Когда Присцилла произносила волшебные слова «Пьер Бурдье» или «Ален Бадье», ее взор туманился, она словно вкалывала дозу наркотика, и ее существо неслось по пенным волнам интеллектуального блаженства. То был принятый стиль общения: сказать заклинание «бурдьеееее, бадьееее» – и тут же пенился прибой мысли в дискурсе современного искусства. И напротив, если из дискурса изъять знакомые слова, то дискурс, словно океан при отливе, уходил к горизонту. Если Присцилла долго не слышала магических слов, то она задыхалась, как рыба на мелководье, у нее начиналась ломка, как у наркомана, лишенного очередной порции наркотика, и жестокий профессор Оксфордского университета этим пользовался. С вопиющим садизмом он уснащал свою речь терминами, бытующими в иной среде, – называл имена Аристотеля и Декарта – от этих слов левая активистка мрачнела, как наркоман, если бы ему вместо героина вкололи кефир.
Пока идеологи беседовали, а мы им внимали, мимо нас трижды прошли немецкие рыбаки с мешками. Немцы работали без остановки, дышали тяжело, но ровно.

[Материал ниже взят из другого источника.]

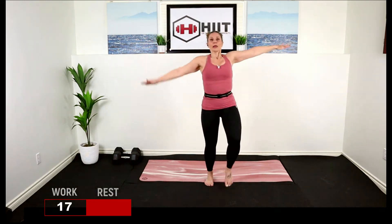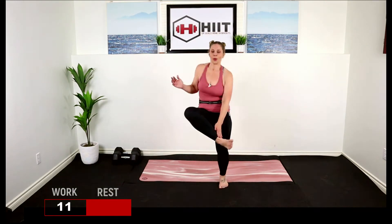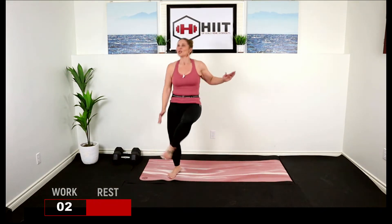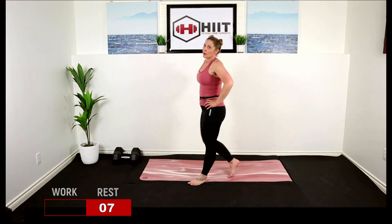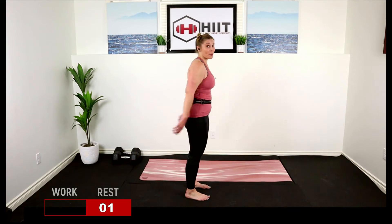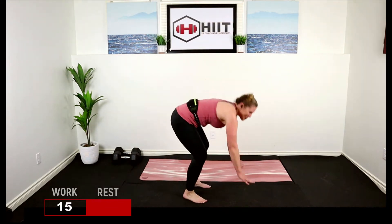Ankle tap, here we go. Ten seconds — push through, come on, you can do this, I know you can. Walk it out. Next one: burpee with mountain climbers, either walk it out or hop it. You can add a hop at the top if you want as well. Take it down — there's that option, hop at the top.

Штефан приговаривал: «Айн-цвай-драй» – и снова: «Айн-цвай-драй» – так он считал шаги.
– Высокий досуг, – продолжал Адриан, – не связан с производительностью труда. Высокий досуг – это нравственная потребность в деятельности: люди вкалывают потому, что не могут иначе состояться как мыслящие индивиды.
– В чем-то ты прав, – заметила Присцилла, дымя марихуаной. – Вот шагают бесправные рабочие, и обрати внимание, как тевтон нуждается в регламентации рабского труда. Они только и ждут, кто бы им скомандовал! Немцу не нужен подарок, немцу нужен порядок. Тем более не нужна свобода. Что же требуется? Братство в труде, заменяющее идею республики. Заметь, как эти братья дружно маршируют. Но тот Сизиф, о котором пишет Камю, – он одиночка.
– Сизиф – прото француз? – хохотнул Адриан.
– Вуаля! Ты понял мою мысль! А вот Калигула – прото британец!
– Император сизифов… Наводит на мысль… – зевая, заметил историк. – А нашего капитана зовут Август. Тоже император… наш Август запустил алгоритм бессмысленного труда, и – бинго! – братское общество построено… ненадолго… Сколько, кстати, ваши фаланстеры существовали?
– Что? Фаланстеры? – Даже нам, портовым грузчикам, было заметно, что активистка Присцилла не вполне владеет фактами французской истории. Про Фуко слышала, но про Фурье в ее журналах вообще не писали. Слово «фаланстер» она, несомненно, знала – давеча в кубрике его употребила, а детали левым мыслителям не нужны. Обижаясь, Присцилла крепко затягивалась сладким дымом, хмурилась, скривив рот, и становилась похожа на Симону де Бовуар. Мыслью она уносилась в шестой аррондисман, бульвар Сен-Жермен, кафе «Де Флор». Но чтобы заслужить долгие часы в кафе «Де Флор», надо однажды пройти испытания борьбы – вот она и мучилась сегодня в амстердамском порту. Курила, думала, спорила, страдала.
Адриану, оксфордскому лентяю, ее пантомимы были безразличны. Он рассуждал, покачивая желтым штиблетом:
– Фаланстеры сдулись лет за десять… Перемерли работяги. Вы, леваки, любите бессмысленный труд… для других, конечно… Но природа бессмыслицу отторгает – дураки мрут. Империя сизифов, управляемая Калигулой… В какой момент имперская власть становится сизифовым трудом?
– Сталин! – Присцилла оживилась, разговор сделался понятен. – Это ведь Сталин все испортил! Поэтому Камю и вышел из компартии!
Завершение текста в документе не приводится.